Let \(y={h \over 1+h^2}\;, z = 2y \sin x\), and expand the integrand:

\(\sqrt{1 + h^2 + 2h \sin x} = \sqrt{(1+h^2)(1+z)} = \sqrt{1+h^2} \left[1 +
\binom{½}{1}z + \binom{½}{2}z^2 + \binom{½}{3}z^3 + \binom{½}{4}z^4
+ \binom{½}{5}z^5 + \binom{½}{6}z^6 +\;...\right ]\)

We can remove odd powers of z, since the area cancelled out.
Applying even powers of sine integral formula, we have:

\(p = \pi (a+b) \sqrt{1+h^2} \left[1 + \binom{½}{2}\binom{2}{1}y^2
+ \binom{½}{4}\binom{4}{2}y^4 + \binom{½}{6}\binom{6}{3}y^6 +\; ... \right]
= 2 \pi \sqrt{{a^2+b^2 \over 2}} \left[ 1 - {1\over 4}y^2 - {15\over 64}y^4
- {105 \over 256} y^6 -\; ... \right] \)

Unfortunately, convergence is much slower than series expansion on h.
However, we just proved \( p ≤ 2 \pi \sqrt{{a^2+b^2 \over 2}} \)

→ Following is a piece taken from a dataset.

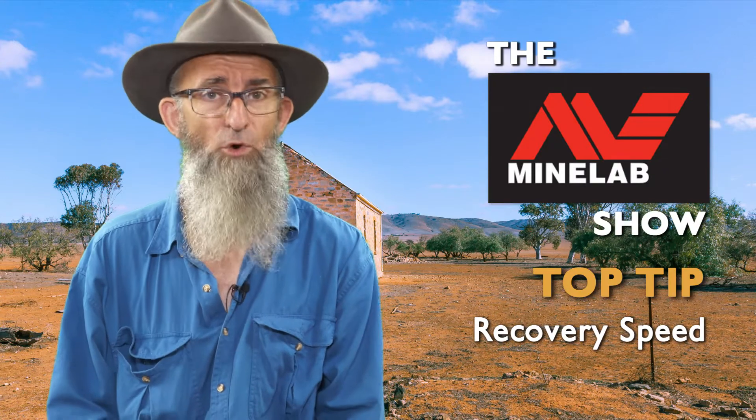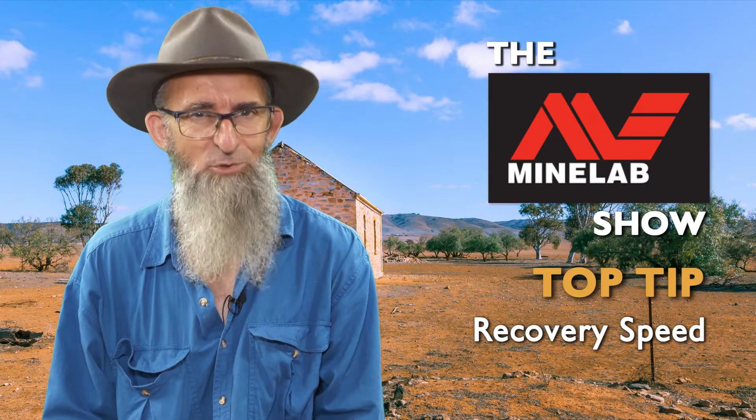G'day folks, I'm the Coffee Bush Kid and today we're going to talk about recovery speed — what it is and why you would change it.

For a rough estimate, we can use Trapezoid's rule (2 trapezoids).

\( p ≈ \pi (a+b) \left({(1-h)\;+\; 2\sqrt{1+h^2}\;+\;(1+h) \over 4}\;\right)
= \pi (a + b) \left({1 + \sqrt{1+h^2} \over 2}\;\right)
= \pi \large\left( {a+b \over 2} + \sqrt{{a^2+b^2 \over 2}}
\;\right)\)

[Albert Chan]

(12-20-2018 05:38 PM)Albert Chan Wrote:  Challenge: prove above pattern continues: if sin(4nx ± x) = f(s,c), then cos(4nx ± x) = ± f(c,s)

An elegant proof (induction proof work, but messy, and does not explain why ...)

Let y = pi/2 - x

Let f3(cos(x),sin(x)) = cos(3x)
→   f3(sin(x),cos(x)) = f3(cos(y),sin(y)) = cos(3y) = cos(3*(pi/2)-3x) = −sin(3x)

Let f5(cos(x),sin(x)) = cos(5x)
→   f5(sin(x),cos(x)) = f5(cos(y),sin(y)) = cos(5y) = cos(5*(pi/2)-5x) = +sin(5x)

We can extend angle to (4n ± 1)*x and get same pattern , because 4n*(pi/2) = 2n*pi

---

This is inspired by swapping of complex parts function I post here

z = x+y*i
swap(z) = y+x*i = i*conj(z)

swap(z)^3 = (i*conj(z))^3 = -i*conj(z^3) = −swap(z^3)
swap(z)^5 = (i*conj(z))^5 = i*conj(z^5) = +swap(z^5)

Since i^4 = 1, same (4n±1) pattern happened here as well.

(cos(x) + i*sin(x))^(4n±1) =   cos((4n±1)*x) + i * sin((4n±1)*x)
(sin(x) + i*cos(x))^(4n±1) = ±sin((4n±1)*x) + i*±cos((4n±1)*x)

This already proved it !
Think of LHS the "f". For effect of swapping parts, read RHS vertically.